Only the lines below from the one containing "9 year old cat" through the one containing "chèvre, en gros" belong in the answer, set down exactly, with the pictures left out.

[[ Given information, beginning ]]

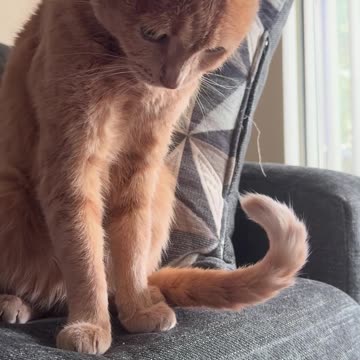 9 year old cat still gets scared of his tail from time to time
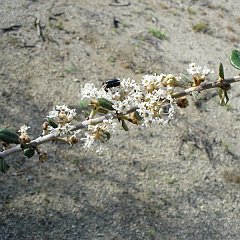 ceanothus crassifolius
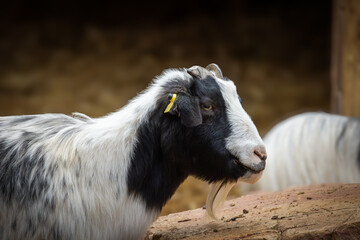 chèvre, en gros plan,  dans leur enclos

[[ Given information, end ]]
[[ Given information, beginning ]]

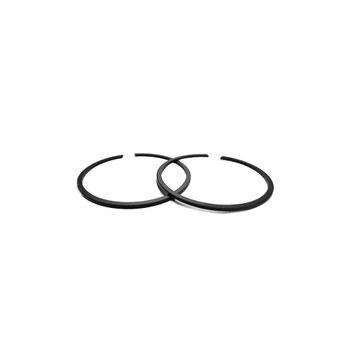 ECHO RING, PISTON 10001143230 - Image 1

[[ Given information, end ]]

*Response area:*
 9 year old cat still gets scared of his tail from time to time
 ceanothus crassifolius
 chèvre, en gros plan,  dans leur enclos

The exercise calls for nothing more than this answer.